Os três casos são ilustrativos de questões éticas e morais que fazem parte de nosso cotidiano. Qual o caminho para resolver essas questões? Como disse acima não tentarei fazer julgamentos de valor de maneira que o texto acabe se tornando um sermão. O compromisso científico aqui é analisar a natureza dos julgamentos e dos valores implicados nos dilemas de comportamento individual e coletivo dos homens e mulheres. O estudo da Ética nos auxilia a entender como esses processos se dão.

A Ética: Conceito e dimensões

A Ética, abordada como conceito usado cotidianamente, pode adquirir dois significados principais:

1. um conjunto de valores compartilhados por um determinado número de indivíduos que condiciona as ações individuais e seus julgamentos e se crê que esses são os princípios corretos.
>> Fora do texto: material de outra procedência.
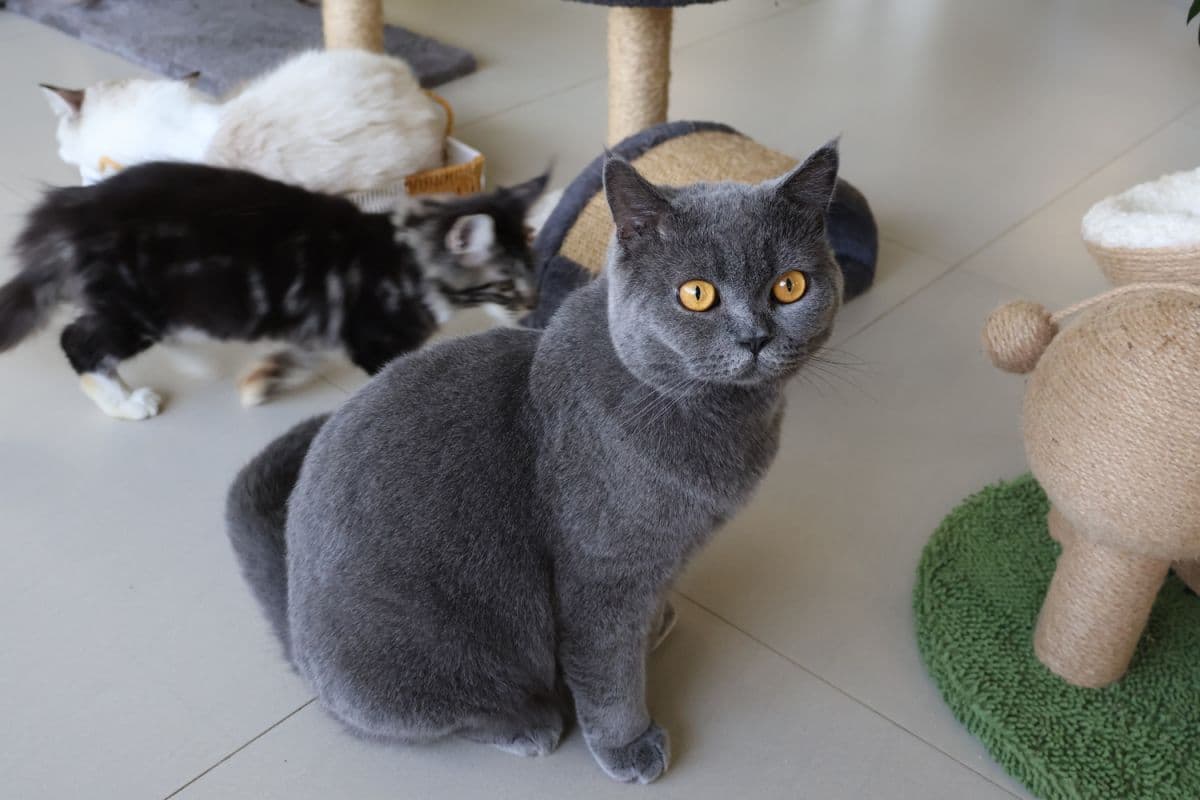 Desaru Fruit Farm Indoor Petting Corner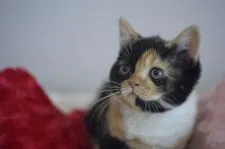 スコティッシュフォールド(立ち耳)【福岡県・女の子・2019年3月17日・ブラウンパッチドタビー&ホワイト】の写真1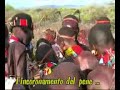 Nel sud dell'Etiopia, quasi al confine con il Kenia e lungo le anse dell'Omo River, in zone difficilmente raggiungibili,  vivono le ultime arcaiche tribù africane.Tra queste gli Hamer,  orgogliosi guerrieri di origine nilotica, che ancora praticano la tradizione del Bull Jump (il salto del toro).  La cerimonia - che segna il passaggio dei ragazzi alla casta dei guerrieri - dura un'intera giornata e comprende tra l'altro la sfida delle donne ai maschi della tribù, per sollecitare le loro frustate e dare dimostrazione del loro coraggio (e - a giudicare dalle cicatrici che tutte portano sulla schiena - coraggiose lo sono sul serio).La pratica del Bull Jump sta comunque scomparendo: le nuove generazioni Hamer vanno a scuola, si vestono all'europea e mostrano un certo disprezzo verso le abitudini tribali.Quindi queste immagini diventeranno sempre più rare.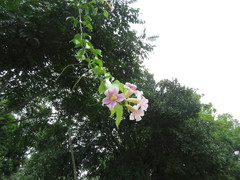 Bignonia potosina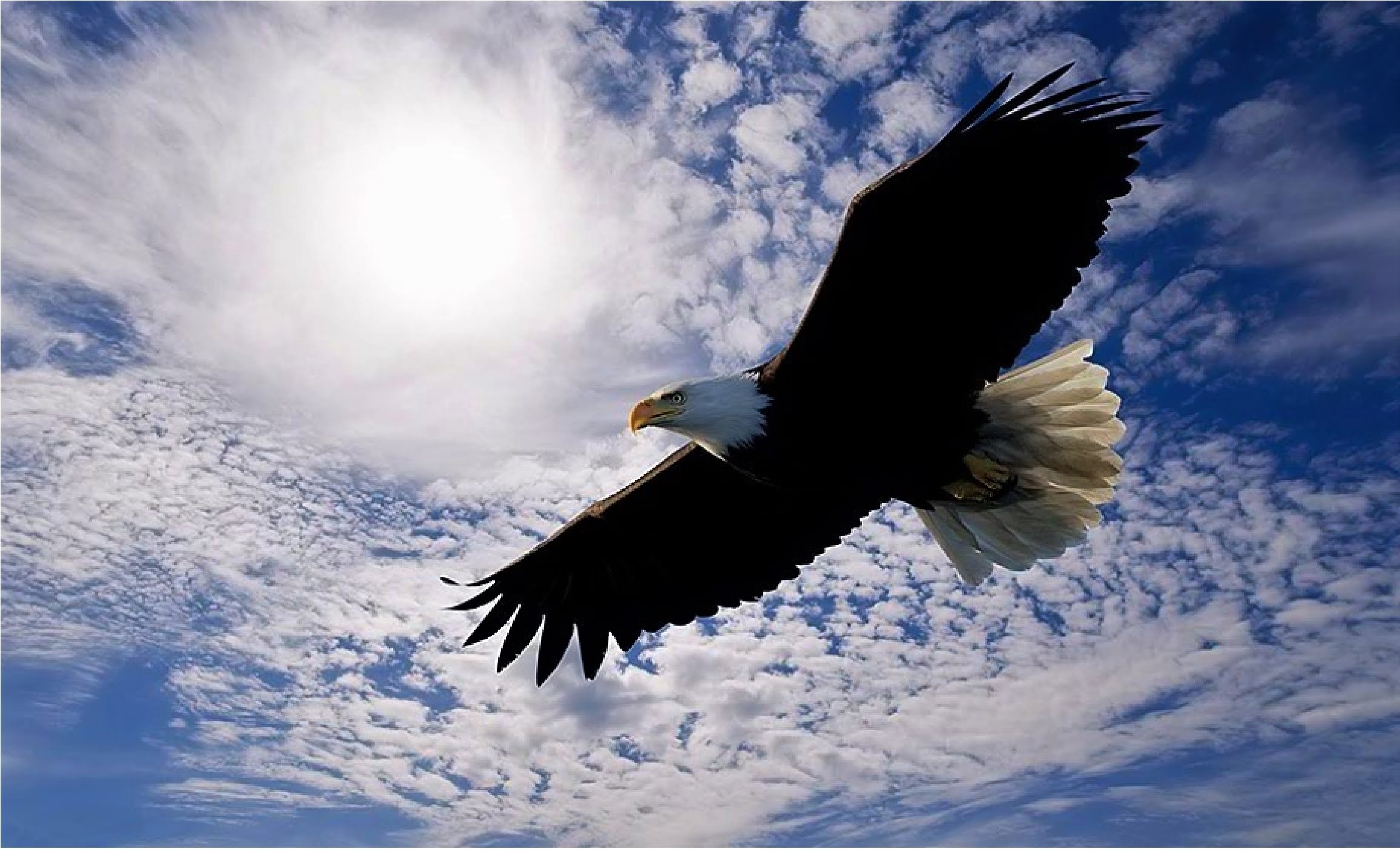 Download Sky Flying Eagle Animal Bald Eagle Image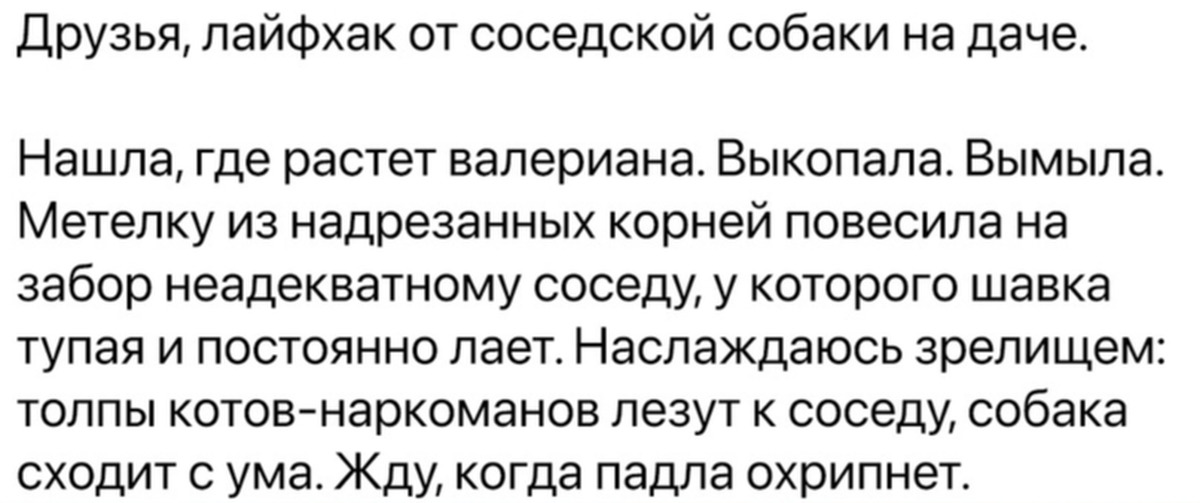 Сонник Соседский Кот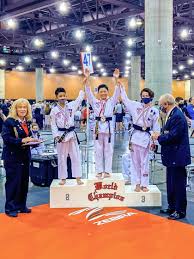 Image result for Guerrero Martial Arts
2. um campo de estudos que pode ter feições filosóficas, cientificas ou teológicas e tem como objeto um raciocínio prático através do qual os homens guiam sua conduta e seus julgamentos e classificam condutas em bem ou mal, certo ou errado, virtude ou ao vicio, justo ou injusto. Observa-se que a palavra ética pode ser utilizada como um fenômeno ou uma área de conhecimento, ou seja, são denominados pela mesma palavra a ciência que estuda um fenômeno e o objeto de estudo da ciência.

O filósofo espanhol Adolfo Sánchez Vázquez define ética da seguinte maneira:

“A ética é a teoria ou ciência do comportamento moral dos homens em sociedade. Ou seja, é a ciência de uma forma específica de comportamento”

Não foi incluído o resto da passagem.